Chavkin’s advice for those young /emerging performance-makers? “There are a couple of key things. Simultaneously make and see as many artists as possible – see what a seven-year-old kid artist does and compare with what you as a 21-year-old artist are doing. Constantly be absolutely declarative with your own taste.”
Declarative? “See stuff and go “I love that! or “I hate that” and ask yourself – why?” She sounds inspired, imagining a new generation of artists – “make work that conforms with your taste – and let your taste change. And don’t be afraid of copying artists you love – because you’ll learn something, and it will almost always be something different, something with the stamp of you.”
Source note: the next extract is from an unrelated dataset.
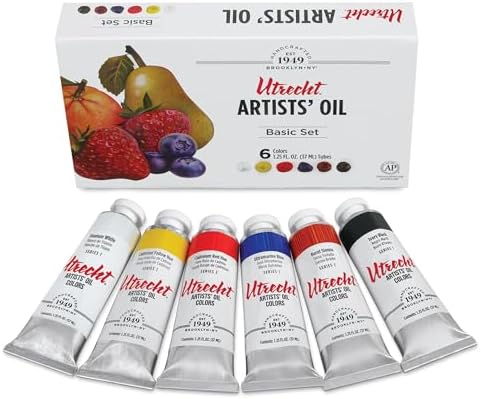 Utrecht Artists' Oil Paint - Set of 6, Basic Colors, 37 ml
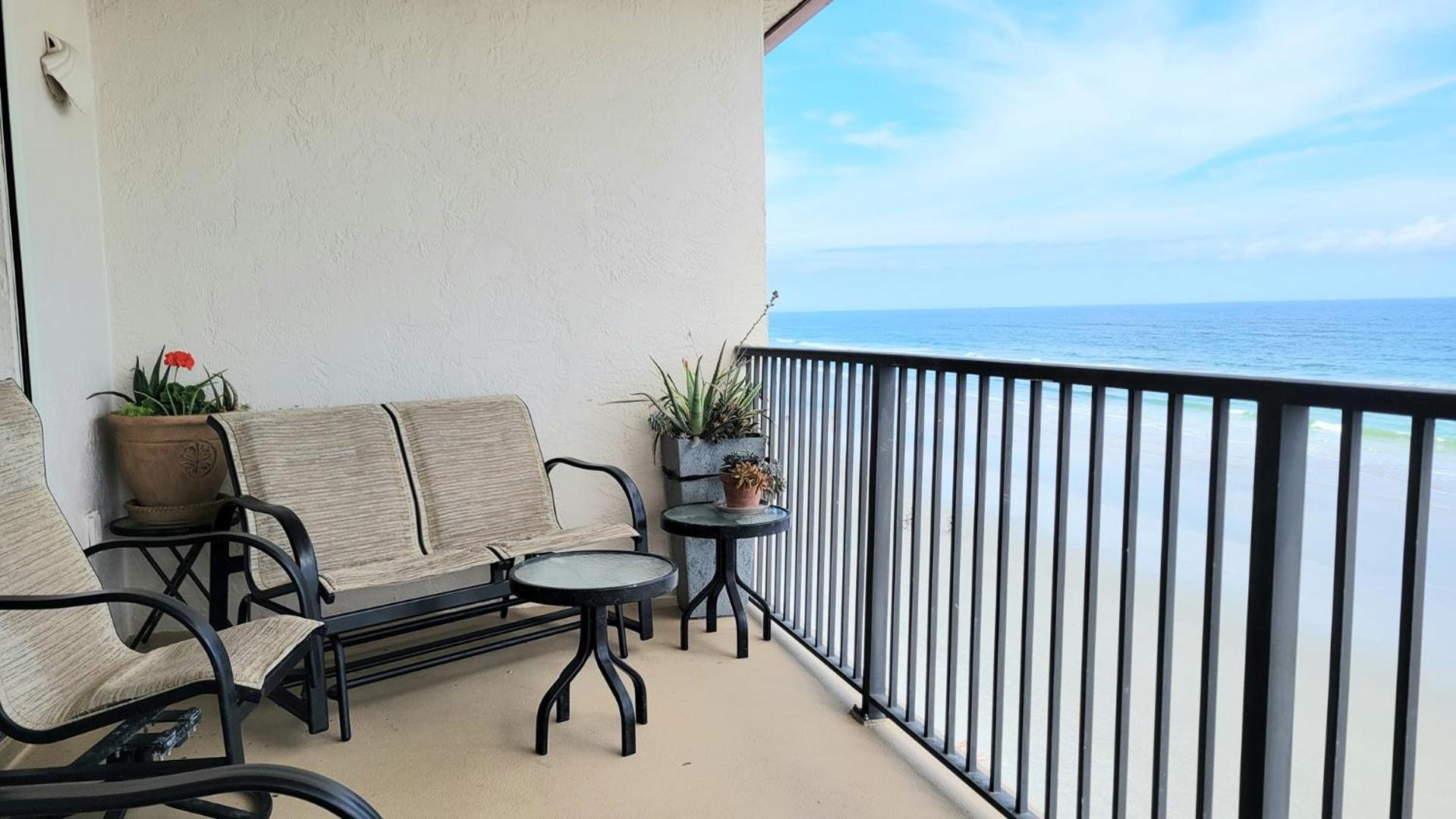 512 - Oceanfront Top Floor Corner 2 Bedroom Ню Смирна Бийч Екстериор снимка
As a true collaboration, Confirmation bears that stamp, too. For Thorpe, who writes/performs a lot of solo shows, “it’s been an incredible experience – it was the most painstaking experience I’ve ever been through with a director. She made me realise that normally when I’m on my own how slapdash I am – and she is the entire opposite of that. I’m always very careful with language, but the language has always been the priority, but for her it’s not. She absolutely brought that attention to every single element of what’s on stage.” He slows down and speaks with relish, “she is on it”.
For Chavkin, “collaborating with a writer of Chris’s calibre – and in such a personal way – has a special place in my heart.” Whilst each word of the text was Thorpe’s, she had a heavy hand – “I hope not overly heavy” – in the shape of it. Hopefully, Confirmation will fit her description of her love for theatre/live art – as “a space for the extraordinary”, in more ways than one.